For Appellee: CARL G. EURENIUS, Assistant United States Attorney (Brenda K. Sannes, Assistant United States Attorney on the brief), for Richard S. Hartunian, United States Attorney for the Northern District of New York, Syracuse, N.Y.

For Defendant-Appellant: JAMES P. EGAN, Federal Public Defender (Lisa A. Peebles, on the brief), Syracuse, N.Y.

Page 2

Appeal from the United States District Court for the Northern District of New York (Mordue, J.).

ON CONSIDERATION WHEREOF, it is herebyORDERED, ADJUDGED, and DECREED that the judgment of the district court be and hereby isAFFIRMED.

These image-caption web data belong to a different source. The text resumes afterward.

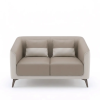 The Oslo Sofa
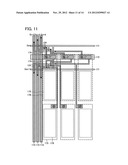 DISPLAY DEVICE AND MANUFACTURING METHOD THEREOF diagram and image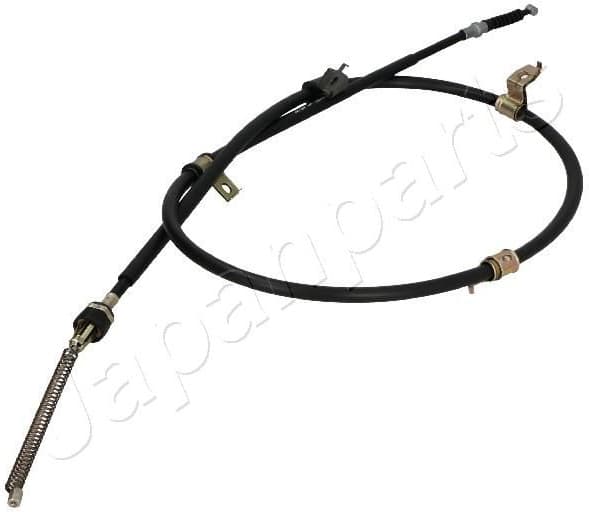 Cable Pull, parking brake BC-507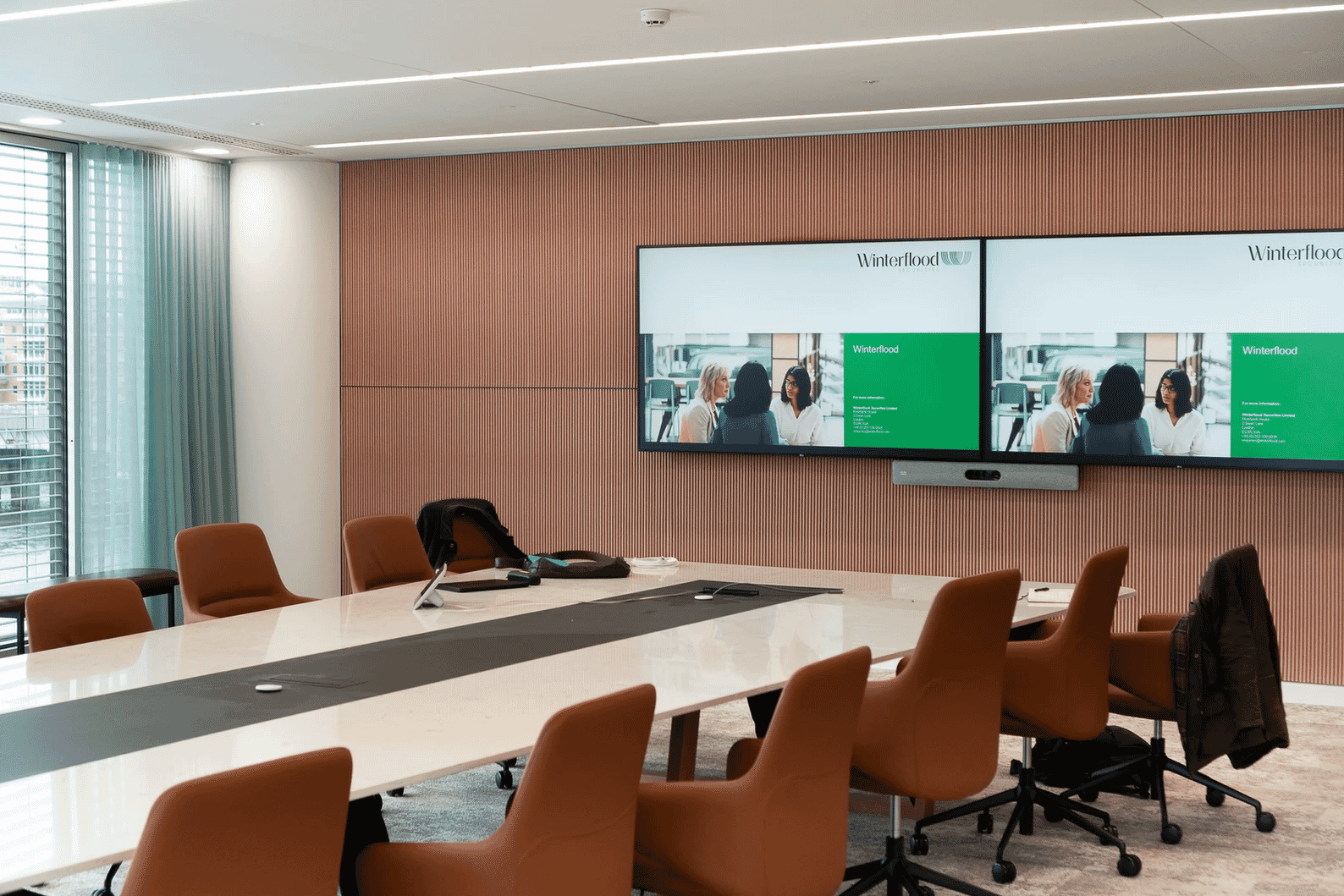 BUXKIN-Leather-Panels-4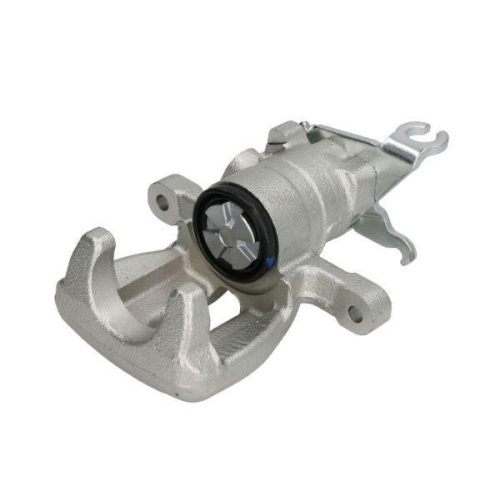 ABE Bremssattel CZH1469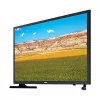 Smart TV Samsung 32 - UE32T4305AEXXC - HD - 2023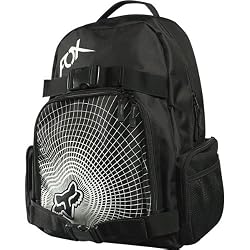 Fox Racing Batallion Men's Casual Backpack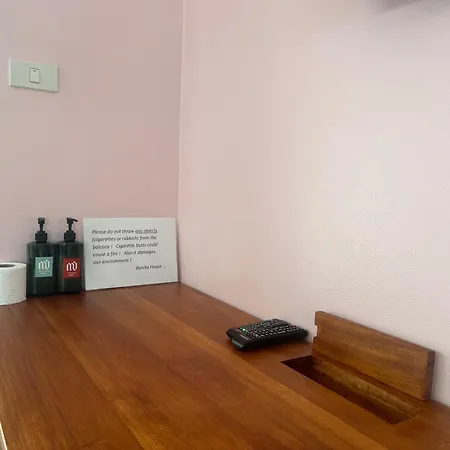 Bonita House-2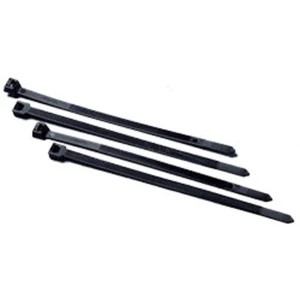 Kabelbinders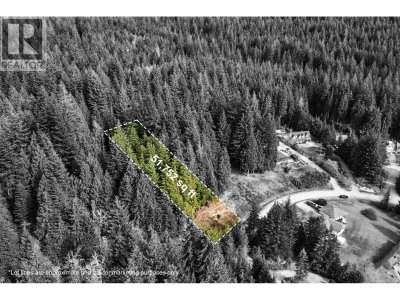 27629 128 Avenue | Maple Ridge British Columbia | Slide Image Three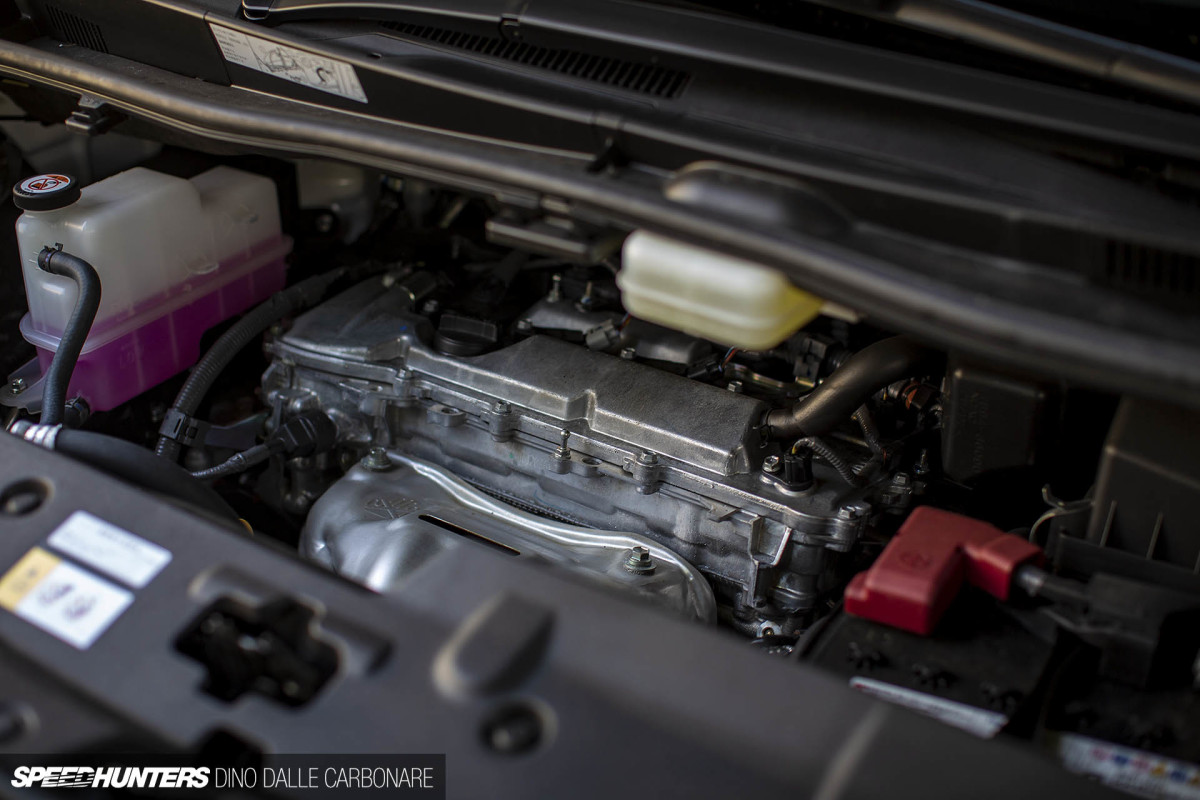 kw_alphard_dino_dalle_carbonare_03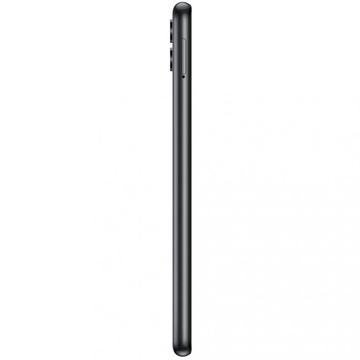 Samsung Galaxy A04 3/32GB Black (SM-A045FZKD)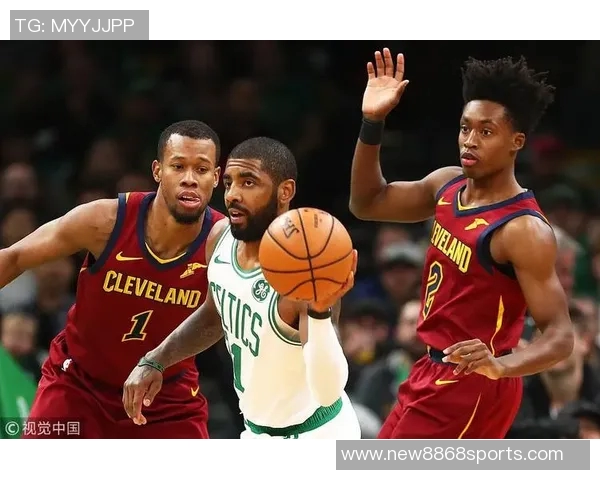 周三竞彩篮球分析骑士状态火热绿军表现低迷需调整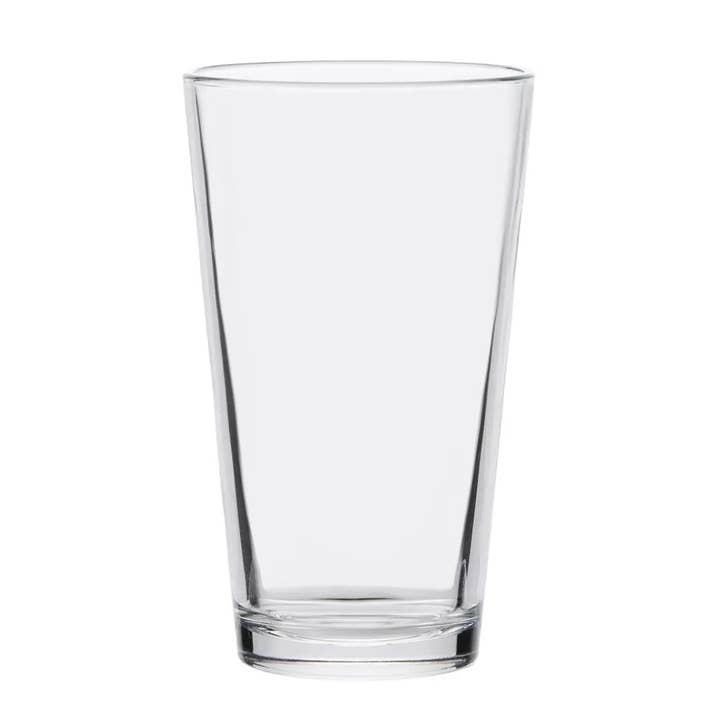 A to Z Imaging and Design – wholesale Wine glass – Cheers to Moms Glass2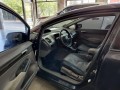 honda-civic-lxs-18-small-6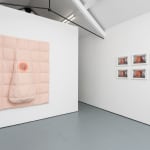 Polly Penrose, The Mothers, 2025
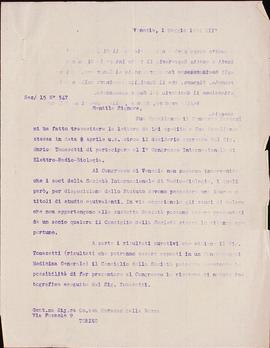 image 02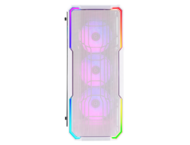 Кутии Bitfenix Enso Mesh RGB White TG
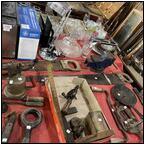 AUCTION ITEM:gc0623M033t.jpg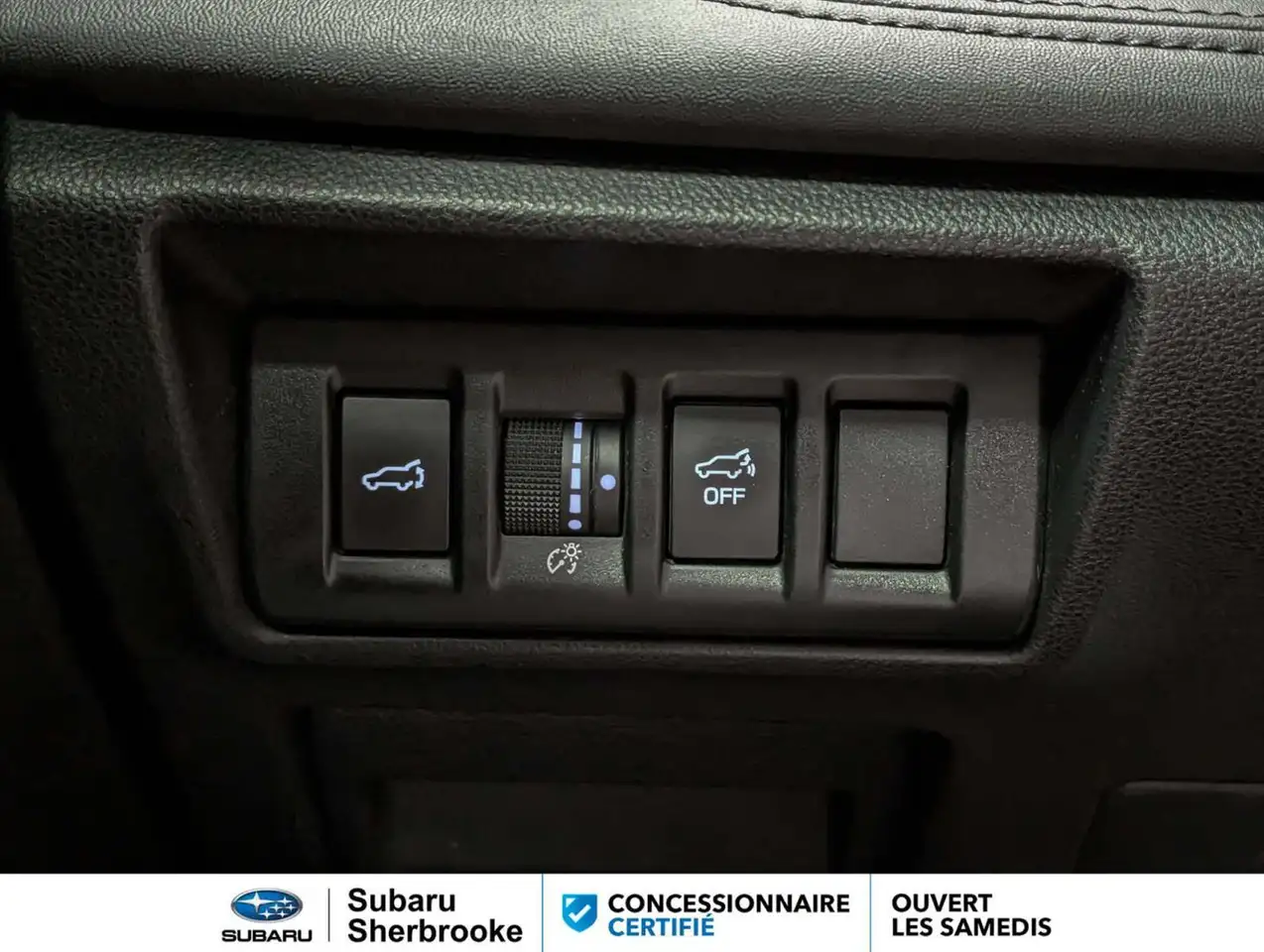 Subaru OUTBACK снимка Subaru OUTBACK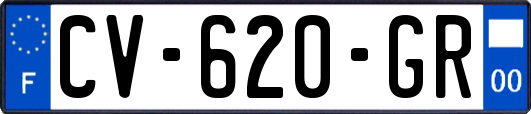 CV-620-GR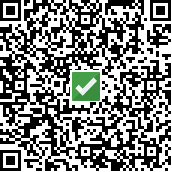 Healthcare Providers Similar to 1003236035 NPI Number | NPI Registry | www.DataLabs.Health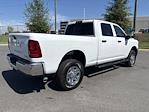 2025 Ram 2500 Crew Cab 4WD Pickup for sale #DS40104 - photo 2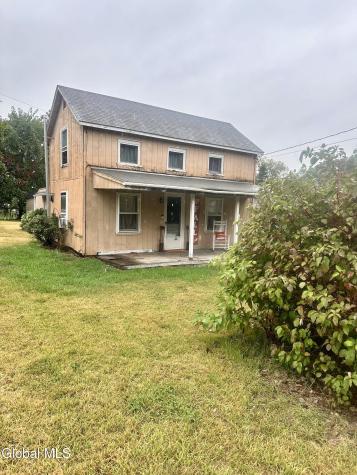 170 Old Niskayuna Road Latham NY 12110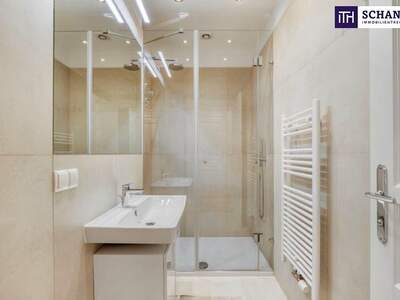 Terrassenwohnung kaufen in 1020 Wien (Bild 4)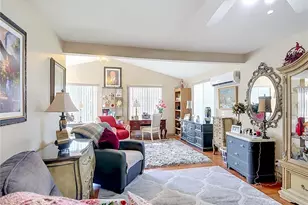 128 N Lake Florence Dr, Winter Haven, FL 33884 - Photo 16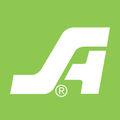 state auto insurance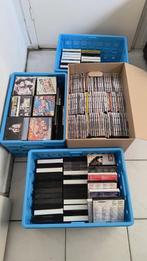 Cd-verzameling, 403 stuks, voornamelijk top40, Ophalen, Zo goed als nieuw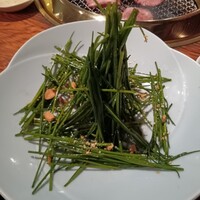喜福世 - 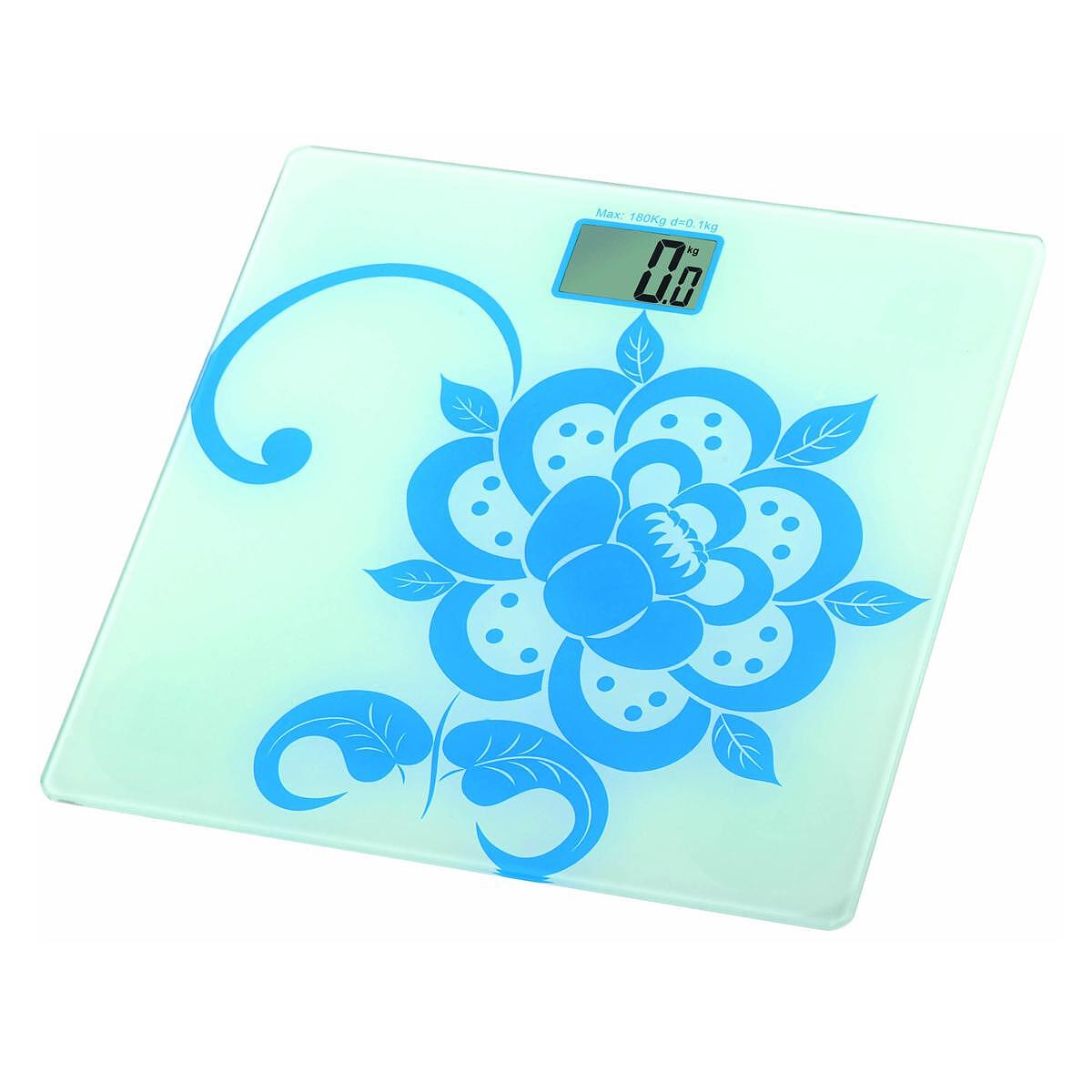 Кантар ELITE BS-1313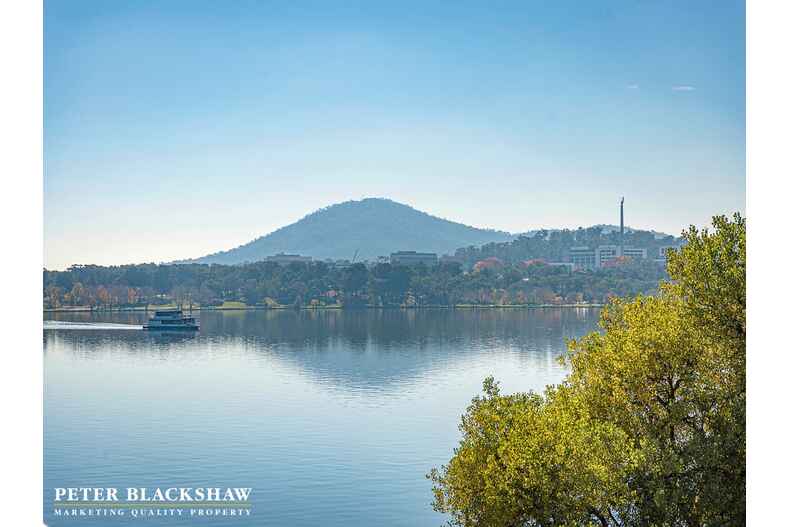 43/9 Eastlake Parade Kingston 43/9 Eastlake Parade Kingston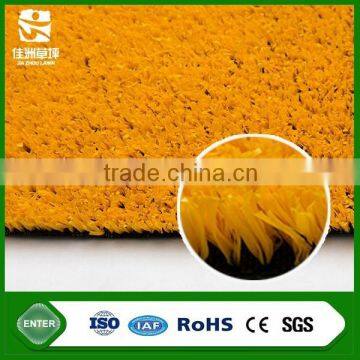Synthetic grass good quality artificial turf tennis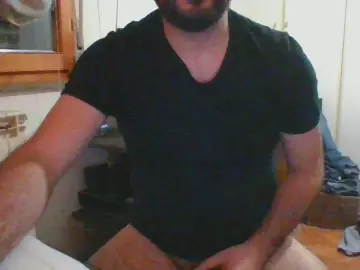 Cam4 Adult Webcam of frenkoz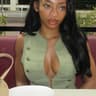 @lilcandylove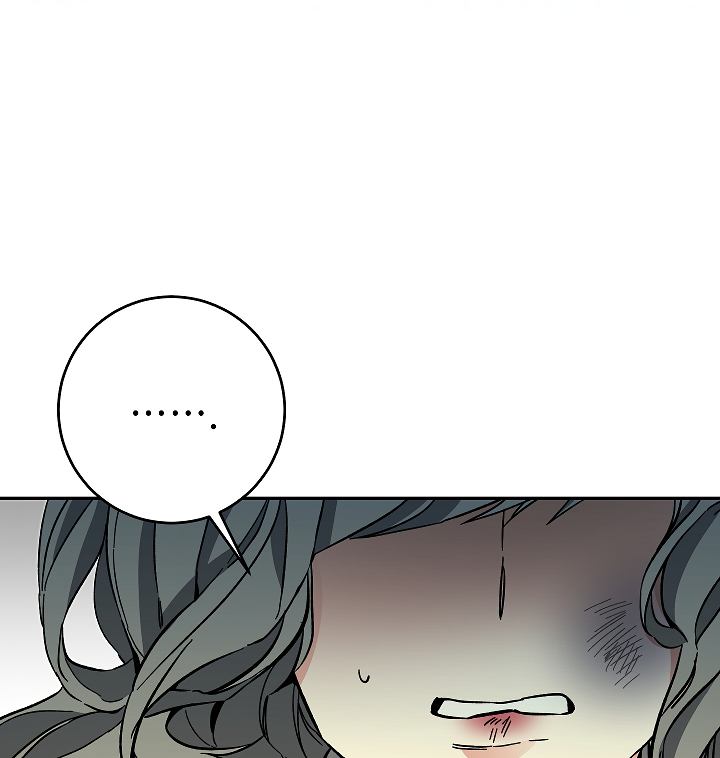 I've Become the Villainous Empress of a Novel Chapter 49 page 136 - Chapter 49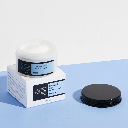 COSRX HYALURONIC ACID INTENSIVE CREAM 100 ml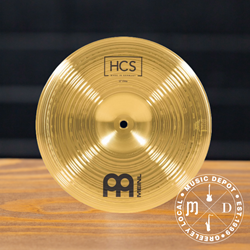 Meinl HCS 14" China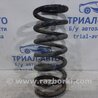 Пружина задняя Chevrolet Captiva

Defendant-Appellant Ernest Lee Henry appeals from the October 12, 2010 judgment of the district court, following a guilty plea, convicting him of conspiracy to distribute and possess with intent to distribute cocaine, in violation of 21 U.S.C. § 846. The district court sentenced Henry to 110 months of imprisonment followed by a twenty-year term of supervised release. On appeal, Henry argues that (1) the district court committed procedural error by “misapprehend[ing]” his counsel’s request for a non-Guidelines sentence and by “failing to appreciate its authority” to impose a sentence below the Guidelines range, Def. Br. 10, 15, and (2) the district court’s imposition of a 110-month sentence was substantively unreasonable in view of Henry’s “history and characteristics,”id. at 20. We assume the parties’ familiarity with the facts and procedural history of this case.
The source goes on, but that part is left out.